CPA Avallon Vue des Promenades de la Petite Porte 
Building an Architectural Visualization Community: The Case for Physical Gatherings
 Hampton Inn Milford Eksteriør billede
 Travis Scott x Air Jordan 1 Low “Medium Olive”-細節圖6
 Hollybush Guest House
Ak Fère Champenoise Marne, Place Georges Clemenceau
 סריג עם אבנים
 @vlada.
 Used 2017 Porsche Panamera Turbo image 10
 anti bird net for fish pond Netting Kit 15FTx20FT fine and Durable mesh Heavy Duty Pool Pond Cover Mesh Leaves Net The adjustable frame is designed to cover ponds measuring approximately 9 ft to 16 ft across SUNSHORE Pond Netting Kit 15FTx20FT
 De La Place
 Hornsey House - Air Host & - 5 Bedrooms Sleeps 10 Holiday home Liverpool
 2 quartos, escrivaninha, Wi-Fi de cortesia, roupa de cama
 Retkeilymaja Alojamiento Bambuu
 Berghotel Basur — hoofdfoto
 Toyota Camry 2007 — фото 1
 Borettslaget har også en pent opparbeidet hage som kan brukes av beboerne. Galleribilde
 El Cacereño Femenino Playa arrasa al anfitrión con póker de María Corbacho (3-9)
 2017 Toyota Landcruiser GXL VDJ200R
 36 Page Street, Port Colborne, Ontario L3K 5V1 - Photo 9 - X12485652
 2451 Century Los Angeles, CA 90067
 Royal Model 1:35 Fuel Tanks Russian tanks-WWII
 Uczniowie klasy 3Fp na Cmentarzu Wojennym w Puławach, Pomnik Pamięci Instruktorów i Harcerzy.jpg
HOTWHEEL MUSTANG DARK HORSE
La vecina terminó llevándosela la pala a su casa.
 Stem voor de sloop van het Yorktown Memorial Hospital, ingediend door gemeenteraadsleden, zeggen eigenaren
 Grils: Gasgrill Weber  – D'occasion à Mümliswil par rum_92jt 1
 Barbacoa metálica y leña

» **Work to be completed**
Your output should be an exact copy of the lines from the one containing "El Cacereño Femenino" through the last line of the data above.

» **Solution to this task**
 El Cacereño Femenino Playa arrasa al anfitrión con póker de María Corbacho (3-9)
 2017 Toyota Landcruiser GXL VDJ200R
 36 Page Street, Port Colborne, Ontario L3K 5V1 - Photo 9 - X12485652
 2451 Century Los Angeles, CA 90067
 Royal Model 1:35 Fuel Tanks Russian tanks-WWII
 Uczniowie klasy 3Fp na Cmentarzu Wojennym w Puławach, Pomnik Pamięci Instruktorów i Harcerzy.jpg
HOTWHEEL MUSTANG DARK HORSE
La vecina terminó llevándosela la pala a su casa.
 Stem voor de sloop van het Yorktown Memorial Hospital, ingediend door gemeenteraadsleden, zeggen eigenaren
 Grils: Gasgrill Weber  – D'occasion à Mümliswil par rum_92jt 1
 Barbacoa metálica y leña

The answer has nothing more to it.